The standard way of processing each item or member of a set or collection in OEChem is by the use of an iterator. The use of iterators is a common abstraction (or design pattern) in object oriented programming, that hides the way the collection/container is implemented from the user. Hence a set of atoms could be implemented internally as a array, a linked list, a hash table or any similar data structure, but its behavior to the programmer is independent of the actual implementation. An iterator can be thought of as a current position indicator.
OEChem iterators make use of C++'s template mechanism. The use of
templates allows the functionality of an iterator to be specified
(implemented) independently of the type of the collection being
iterated over. An iterator over a type T
, has the type
OEIter<T>
. Hence, an iterator over the atoms of a molecule
(represented by OEAtomBase) has type OEIter<OEAtomBase>
and an
iterator over the bonds of a molecule has type OEIter<OEBondBase>
.
The three most common operations of an OEIter are assignment, testing
and increment. These three iterator methods allow OEChem iterators to
resemble conventional for
loops in high level programming languages.

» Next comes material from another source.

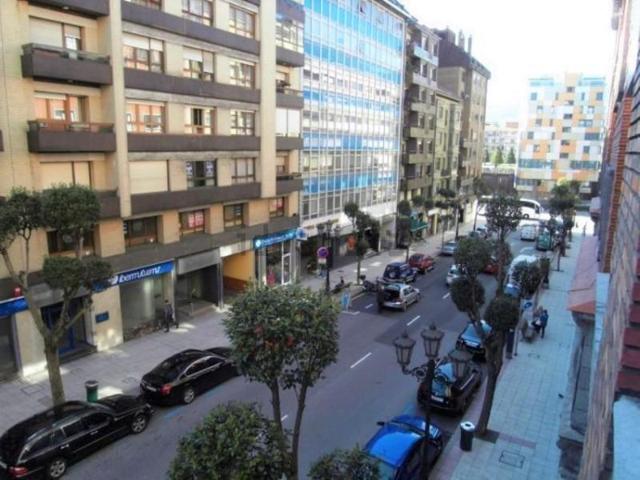 Oficina en venta en Oviedo, Centro photo 0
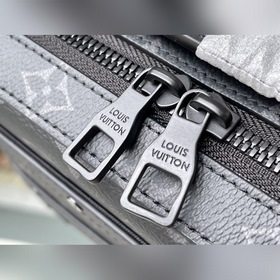 LV Артикул： M45935 Черный с цветочным узором Сумка-коробка Сумка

Assignment specifies which collection/container the iterator is
intended to loop over, testing determines whether the iterator has
seen all of the items, and increment advances the iterator to the next
position.
One possible source of confusion is that most functions and methods
that return an iterator, actually return a result of type
OEIterBase<T>
rather than OEIter<T>
. The template class
OEIterBase<T>
is an internal abstraction used by OEChem, and should
be treated as an opaque type by the user. Suffice to say that values
of type OEIterBase<T>
can be assigned to variables of type
OEIter<T>
as created by the user.
A second minor point is that OEChem iterators only support the prefix
++
operator, and not the suffix ++
operator. This means that to
use the advance the iterator, users must write ++i
and not
i++
. This is actually a performance issue, since in C and C++
the operator i++
must make a copy of its argument. This is to
support the syntax j = i++
where j is assigned the value
of i before the increment. This copying may potentially be
expensive, and must be performed even if the value is not assigned.

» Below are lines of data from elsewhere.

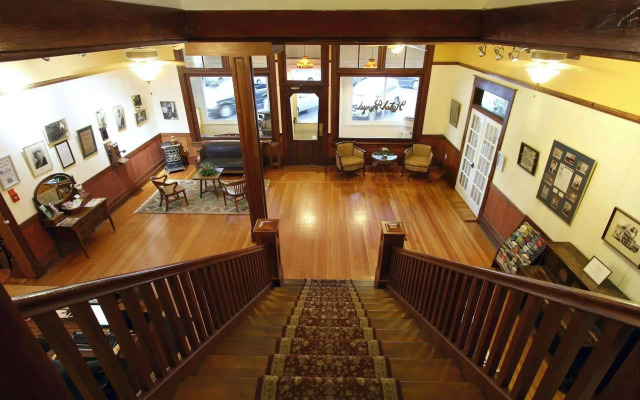 Royal Hotel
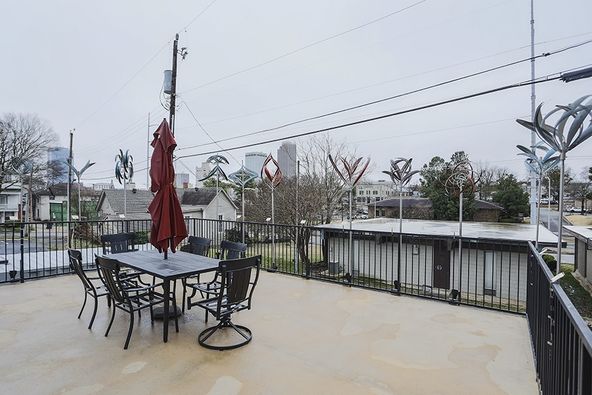 Multi-use Downtown Little Rock Office/Gallery/Residence: 909 North St, Little Rock, AR 72201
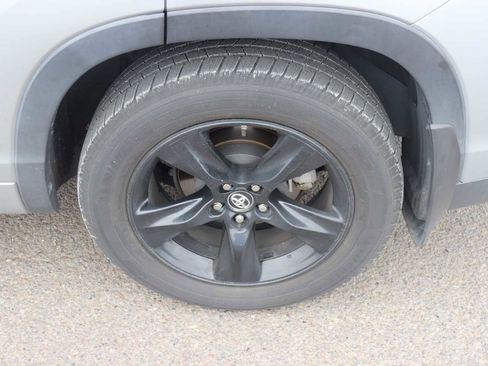 Used 2018 Toyota Highlander Limited Platinum image 9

For primitive types such as integers, most C/C++ compilers can
determine the value is not used and optimize i++
to ++i
.
Alas for C++ classes, most compilers are unable to perform this
optimization and as such i++
and ++i
could do totally
different things, hence ++i
is the preferred idiom. Even if
OEChem changed the semantics of i++
to perform the same thing
as ++i
and return the value after the increment, the i++
form is marginally less efficient (requiring an ``invisible'' integer
argument to be passed to the operator). Hence OpenEye's policy is to
only implement the ``correct'' behavior and hope that users of OEChem
will adopt ++i
even for integer loops as good coding style.
Finally, the template OEIter is defined in the OESystem namespace
rather than the OEChem namespace. This is because iterators (like
random number generators) are not chemistry specific, and the use of
two namespaces makes this explicit. It does however mean an extra
using namespace OESystem;
in our examples.